At a time when small businesses are shutting their doors, one locally grown business in South Australia is thriving, making everyone find a new appreciation for one of Greece’s most popular delicacies but with a twist; Plant based yiros.
Although for many of us it is hard to not associate a yiros with some greasy yet delicious meat, for the team at Staazi & Co, they have seen it as a challenge to deliver the same experience but as a vegan alternative.
It all started back in 2017 when vegan influencer Anastasia Lavrentiadis brought her Greek background and love of vegan activism together to conjure up her own version of a meatless plant-based gyros.
Anastasia grew up in a traditional Greek family and was brought up eating mostly traditional Greek food.

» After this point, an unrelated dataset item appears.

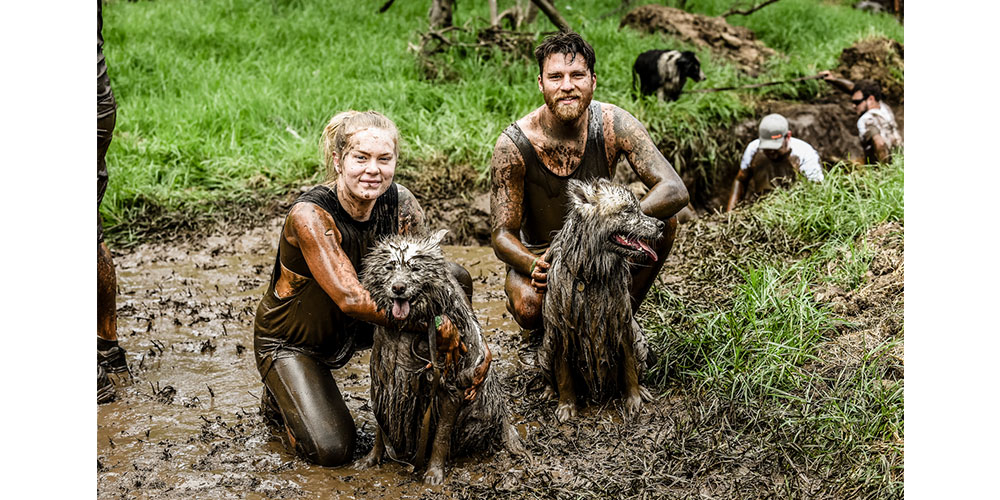 Win entry into the Swan Valley Mudfest Muddy Paws Challenge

“I actually enjoyed nothing more than a juicy lamb yiros, but my whole attitude shifted as I started looking into the slaughtering industry and realised the cruelty that takes place against the animals. From that point onward, I decided to combine my love for Greek food with my love for animals and tried to come up with scrumptious plant-based recipes so that I could still feed people without harming the animals,” said Ms Lavrentiadis who since launching her venture, has seen her start-up mobile food truck business be included amongst the best vegan businesses worldwide.
The all-vegan Staazi menu currently revolves around a plant-based lamb gyros, loaded fries, hot chips and baklava.
“Our food is super delicious and that comes down to using fresh ingredients. Our customers are open minded and people who have to follow dietary requirements. But at the core of everything we do is animal rights and to not cause harm,” said Ms Lavrentiadis who together with husband Roger, spent over a year refining the recipe of her (not-) lamb gyros, which uses traditional Greek flavours and a TVP – or textured vegetable protein – in place of meat prior to launching her business Staazi & Co at a Vegan Festival in Adelaide.

“Our commitment is to care for the welfare of all animals and the environment. All our meals are made without the use of any animal products, inclusive of meat, milk, cheese, butter, cream and eggs. Our ingredients are 100 per cent plant based,” says Anastasia who within months of launching her business, found a starkly underserved local audience looking for plant-based food options in the Adelaide food truck scene.
“It has certainly been really tough through COVID-19, but we have managed to get through the pandemic focusing on consistency and flavour. We are blessed to have loyal customers that keep coming back.”

The young activist says her customer base has grown with people asking her to expand her menu.
“Not everyone wants to eat the plant-based meats, for whatever reason so we also do more traditional Greek dishes – not just street food, but also wholefoods, beans and potatoes and chickpeas.
“I’m not here to offend people –I just want to plant seeds and open doors for people to start doing their own exploration. I am here to show people that you can still have a greasy gyros, if you’re hanging out for one,'” says the Greek businesswoman whose family originates from Kozani and the Peloponnese.
“I’m at the seed-planting stage but my goal is to contribute to the conversation around food consumption. And let’s face it, it’s the Greek in me. I feel like I need to feed these people.
“They’re hungry and they want what I’m providing,’ and for me that’s a real honour,” she concluded.